PinSlab<T> and Unordered<T, S> need bounds on their Send/Sync traits

[ammaraskar]

Hi there, we (Rust group @sslab-gatech) are scanning crates on crates.io for potential soundness bugs. We noticed that the PinSlab:

unicycle/src/pin_slab.rs

Lines 43 to 44 in f5a2838

	unsafe impl<T> Send for PinSlab<T> {}
	unsafe impl<T> Sync for PinSlab<T> {}

and Unordered

unicycle/src/lib.rs

Lines 380 to 381 in f5a2838

	unsafe impl<T, S> Send for Unordered<T, S> where S: Sentinel {}
	unsafe impl<T, S> Sync for Unordered<T, S> where S: Sentinel {}

types implement the Send and Sync traits for all types.

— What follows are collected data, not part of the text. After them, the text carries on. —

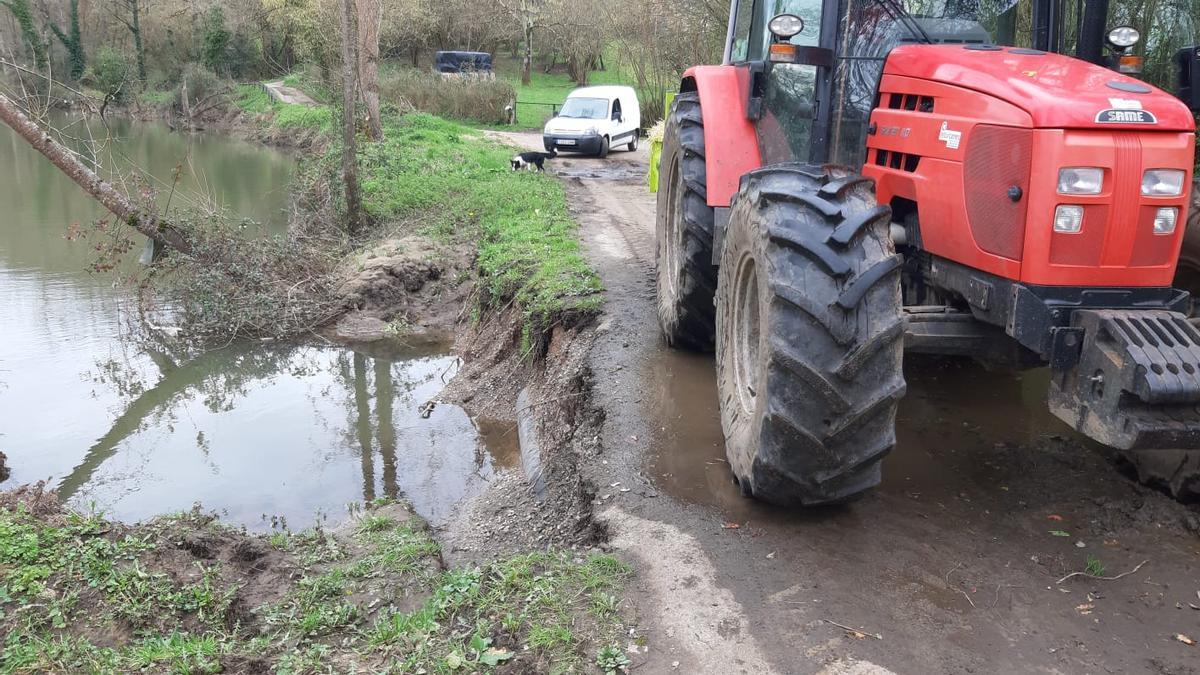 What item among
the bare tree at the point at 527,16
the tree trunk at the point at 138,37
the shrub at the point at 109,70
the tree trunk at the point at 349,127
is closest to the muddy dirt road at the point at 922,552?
the tree trunk at the point at 349,127

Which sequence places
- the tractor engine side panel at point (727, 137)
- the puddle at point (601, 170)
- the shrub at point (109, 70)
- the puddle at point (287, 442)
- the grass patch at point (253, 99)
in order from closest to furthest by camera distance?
1. the tractor engine side panel at point (727, 137)
2. the puddle at point (287, 442)
3. the puddle at point (601, 170)
4. the grass patch at point (253, 99)
5. the shrub at point (109, 70)

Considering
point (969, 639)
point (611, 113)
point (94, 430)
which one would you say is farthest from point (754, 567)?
point (611, 113)

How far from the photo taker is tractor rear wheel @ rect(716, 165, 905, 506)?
3498 mm

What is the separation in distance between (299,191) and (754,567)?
37.6 ft

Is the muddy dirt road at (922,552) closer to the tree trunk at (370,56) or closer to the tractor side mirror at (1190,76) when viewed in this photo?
the tractor side mirror at (1190,76)

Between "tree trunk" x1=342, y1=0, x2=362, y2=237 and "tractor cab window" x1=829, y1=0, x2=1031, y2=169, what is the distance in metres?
8.53

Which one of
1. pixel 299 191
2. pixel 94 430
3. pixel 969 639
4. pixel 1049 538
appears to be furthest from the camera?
pixel 299 191

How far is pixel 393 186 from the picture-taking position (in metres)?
14.0

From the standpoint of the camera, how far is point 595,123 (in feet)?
67.6

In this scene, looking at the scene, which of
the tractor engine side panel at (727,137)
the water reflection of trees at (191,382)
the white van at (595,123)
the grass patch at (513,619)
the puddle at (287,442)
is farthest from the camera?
the white van at (595,123)

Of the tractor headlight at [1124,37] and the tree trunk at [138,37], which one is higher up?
the tree trunk at [138,37]

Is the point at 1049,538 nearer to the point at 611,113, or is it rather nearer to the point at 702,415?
the point at 702,415

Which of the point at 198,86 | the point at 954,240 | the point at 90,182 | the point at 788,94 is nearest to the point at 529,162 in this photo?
the point at 90,182

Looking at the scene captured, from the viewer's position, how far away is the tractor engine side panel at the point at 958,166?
360 cm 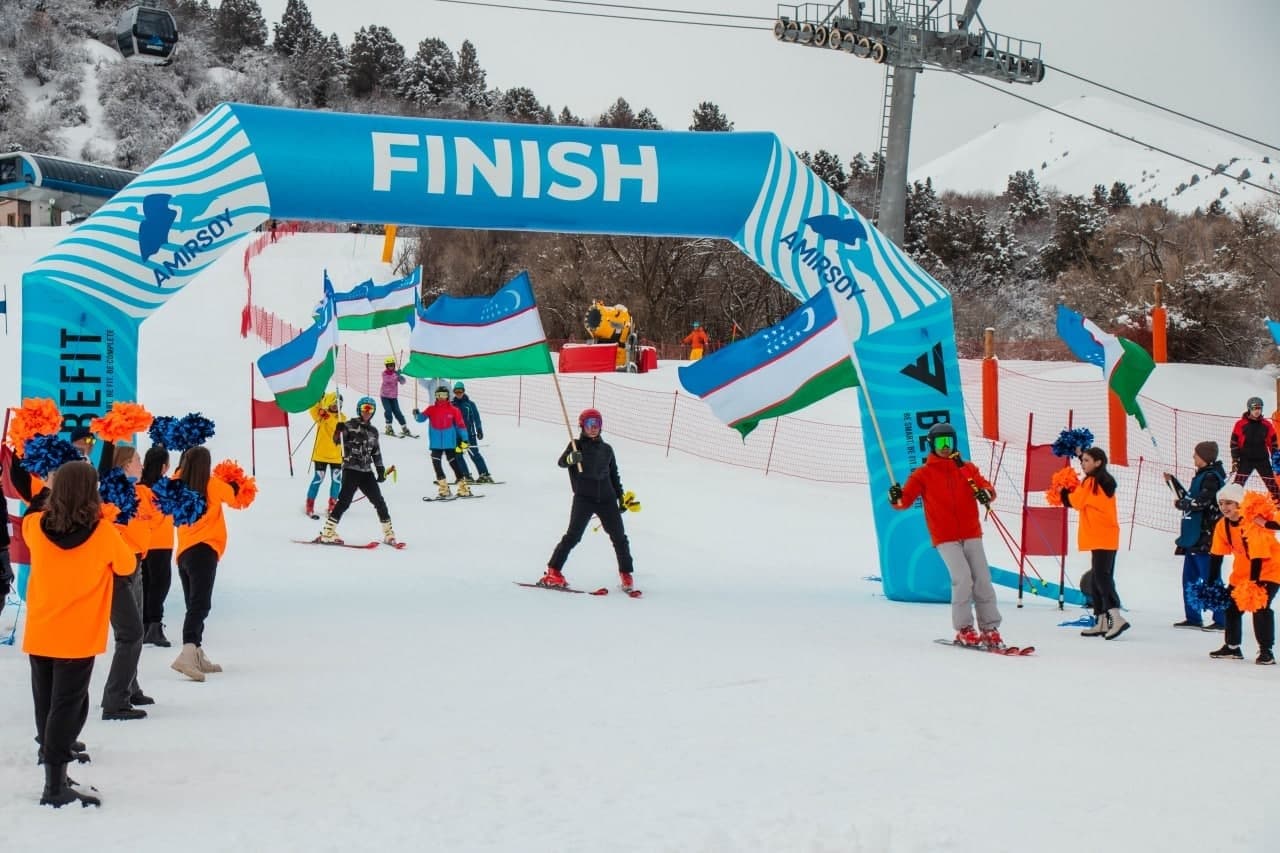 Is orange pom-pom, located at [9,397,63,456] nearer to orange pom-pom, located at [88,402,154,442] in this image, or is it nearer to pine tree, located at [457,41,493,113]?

This should likely be bounded by Send/Sync on the contained types otherwise it can lead to data-races from safe Rust code. Here's an example of such a data race with PinSlab:

#![forbid(unsafe_code)]

use unicycle::pin_slab::PinSlab;

use std::cell::Cell;
use crossbeam_utils::thread;

// A simple tagged union used to demonstrate problems with data races in Cell.
#[derive(Debug, Clone, Copy)]
enum RefOrInt { Ref(&'static u64), Int(u64) }
static SOME_INT: u64 = 123;

fn main() {
    let cell = Cell::new(RefOrInt::Ref(&SOME_INT));

    let mut slab = PinSlab::new();
    slab.insert(&cell);

    thread::scope(|s| {
        s.spawn(move |_| {
            loop {
                let smuggled_cell = slab.get(0).unwrap();
                // Repeatedly write Ref(&addr) and Int(0xdeadbeef) into the cell.
                smuggled_cell.set(RefOrInt::Ref(&SOME_INT));
                smuggled_cell.set(RefOrInt::Int(0xdeadbeef));
            }
        });

        loop {
            if let RefOrInt::Ref(addr) = cell.get() {
                // Hope that between the time we pattern match the object as a
                // `Ref`, it gets written to by the other thread.
                if addr as *const u64 == &SOME_INT as *const u64 { continue; }

                // Due to the data race, obtaining Ref(0xdeadbeef) is possible
                println!("Pointer is now: {:p}", addr);
                println!("Dereferencing addr will now segfault: {}", *addr);
            }
        }
    });
}

which outputs:

Pointer is now: 0xdeadbeef

Return Code: -11 (SIGSEGV)

[udoprog]

That is indeed a bug that will be fixed. Much obliged!

[udoprog]

Released in 0.7.0. Thanks again!

[ammaraskar]

Thank you for the quick response :)

[JOE1994]

@udoprog It seems that there was a small mistake while fixing this issue in 92f40b4.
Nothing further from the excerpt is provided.